== WHAT IS EXPECTED ==
Only the lines below from the one containing "bee hive leneal" to the one containing "儿童棉拖鞋 冬季包跟防水防滑鞋 小中大男女童厚软底加绒保暖宝宝棉鞋 商品图9" should be repeated, both included and unchanged.

== INFORMATION SUPPLIED ==
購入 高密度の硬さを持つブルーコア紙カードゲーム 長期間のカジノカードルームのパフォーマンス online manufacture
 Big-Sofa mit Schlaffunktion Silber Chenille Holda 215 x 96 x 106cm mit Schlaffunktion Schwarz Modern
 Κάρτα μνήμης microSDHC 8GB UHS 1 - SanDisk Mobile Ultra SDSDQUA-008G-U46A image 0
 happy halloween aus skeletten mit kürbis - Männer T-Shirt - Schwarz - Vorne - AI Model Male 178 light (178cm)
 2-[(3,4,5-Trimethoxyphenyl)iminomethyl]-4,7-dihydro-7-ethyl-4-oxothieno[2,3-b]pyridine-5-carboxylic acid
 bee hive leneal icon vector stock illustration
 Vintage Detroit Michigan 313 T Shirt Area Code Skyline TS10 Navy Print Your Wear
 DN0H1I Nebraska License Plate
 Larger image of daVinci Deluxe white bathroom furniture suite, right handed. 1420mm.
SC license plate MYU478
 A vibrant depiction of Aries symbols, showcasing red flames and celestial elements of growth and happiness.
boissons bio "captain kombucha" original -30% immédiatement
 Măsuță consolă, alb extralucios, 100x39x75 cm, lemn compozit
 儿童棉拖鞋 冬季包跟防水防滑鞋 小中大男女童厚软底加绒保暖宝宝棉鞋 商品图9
---
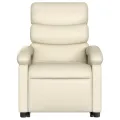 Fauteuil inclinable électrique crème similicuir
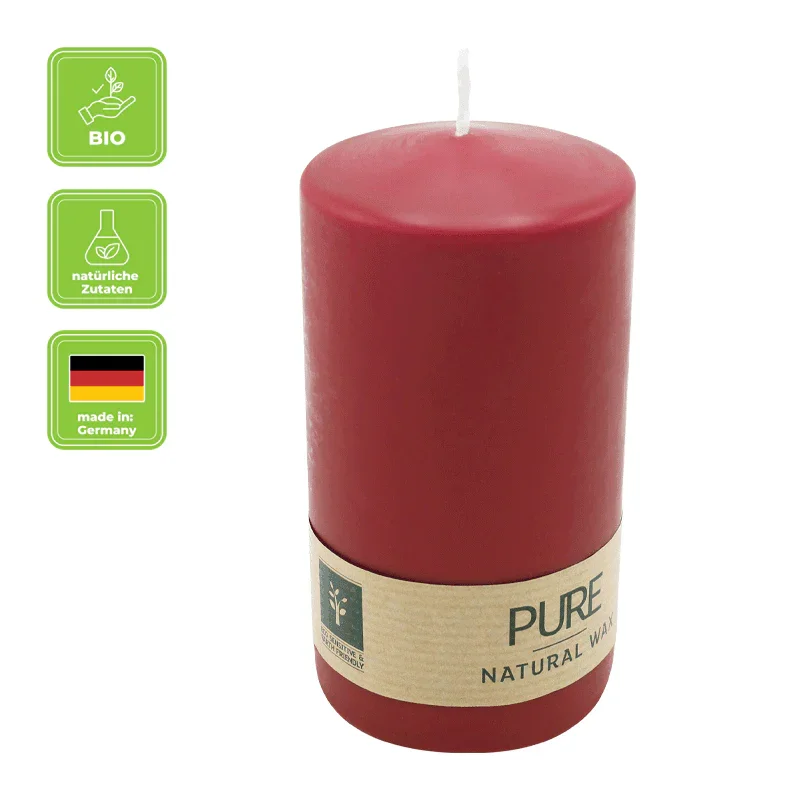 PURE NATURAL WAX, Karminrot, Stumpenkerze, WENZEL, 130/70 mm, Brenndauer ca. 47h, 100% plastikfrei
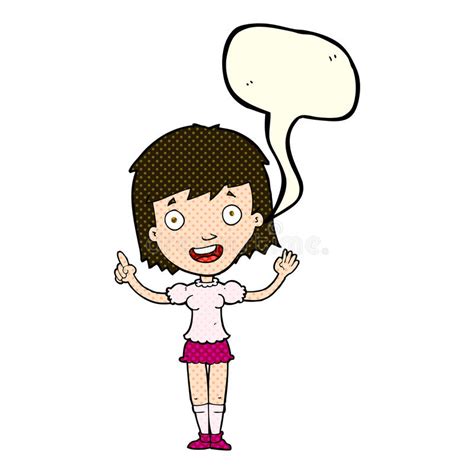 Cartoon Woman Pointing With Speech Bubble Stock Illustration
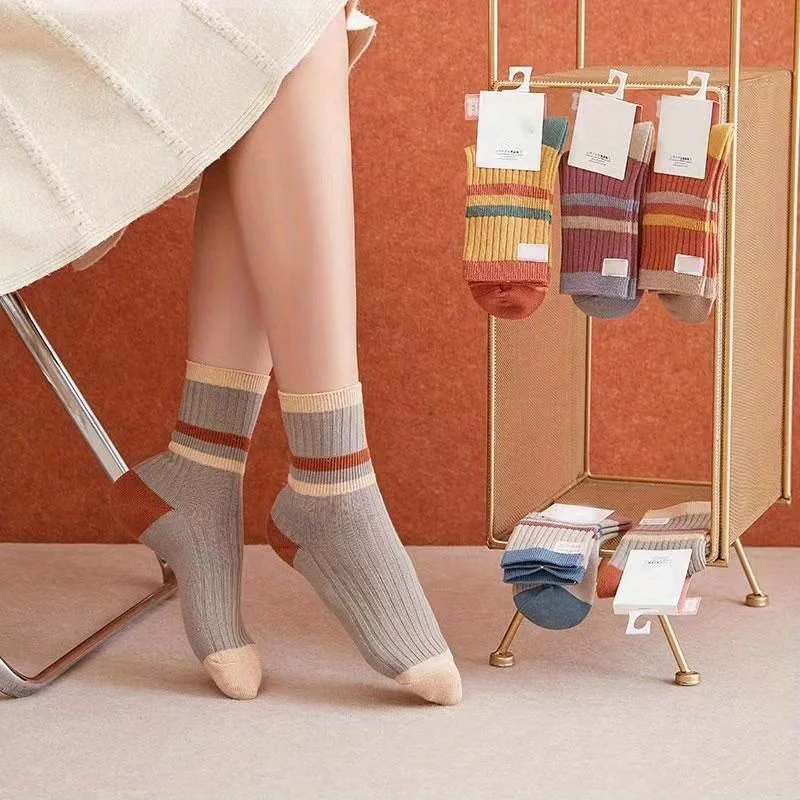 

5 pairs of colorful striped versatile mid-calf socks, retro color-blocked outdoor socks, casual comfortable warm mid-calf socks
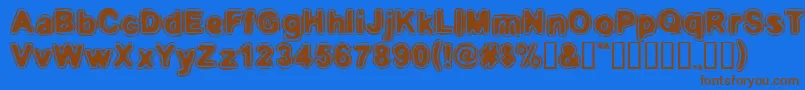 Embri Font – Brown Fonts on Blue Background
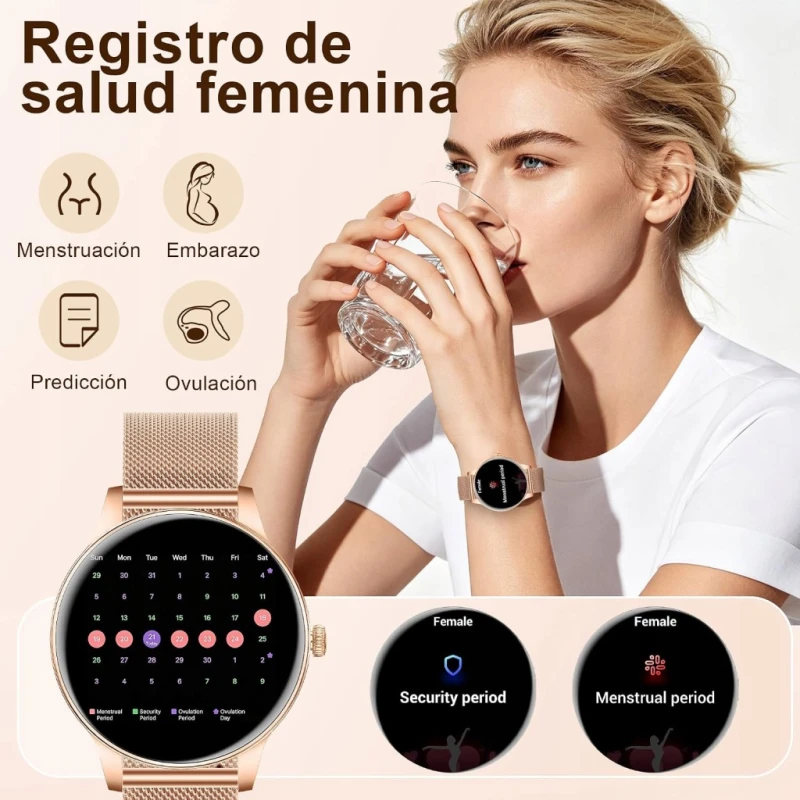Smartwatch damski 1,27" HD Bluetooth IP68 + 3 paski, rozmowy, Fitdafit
...
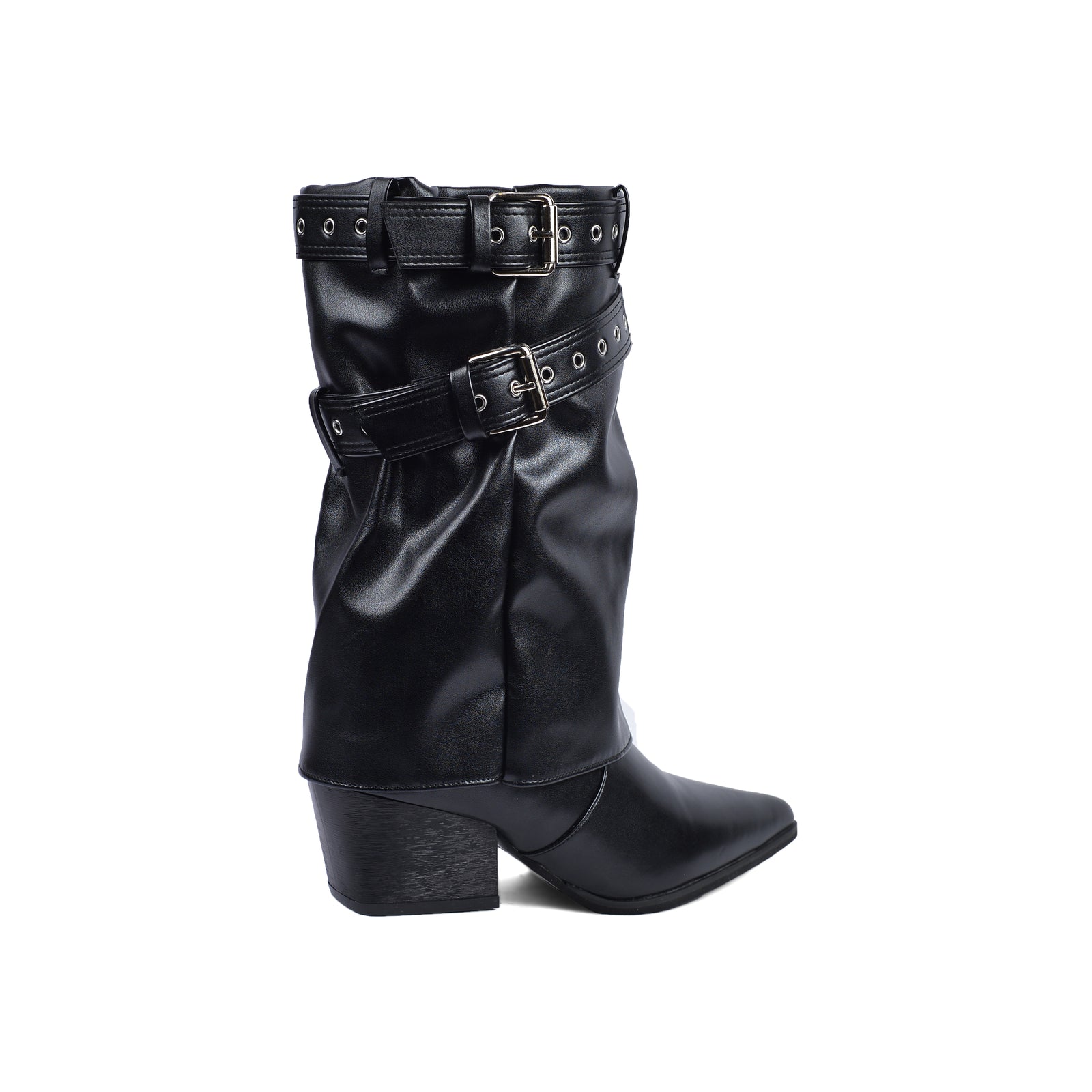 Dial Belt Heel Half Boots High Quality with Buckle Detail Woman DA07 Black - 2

== TASK SOLUTION ==
 bee hive leneal icon vector stock illustration
 Vintage Detroit Michigan 313 T Shirt Area Code Skyline TS10 Navy Print Your Wear
 DN0H1I Nebraska License Plate
 Larger image of daVinci Deluxe white bathroom furniture suite, right handed. 1420mm.
SC license plate MYU478
 A vibrant depiction of Aries symbols, showcasing red flames and celestial elements of growth and happiness.
boissons bio "captain kombucha" original -30% immédiatement
 Măsuță consolă, alb extralucios, 100x39x75 cm, lemn compozit
 儿童棉拖鞋 冬季包跟防水防滑鞋 小中大男女童厚软底加绒保暖宝宝棉鞋 商品图9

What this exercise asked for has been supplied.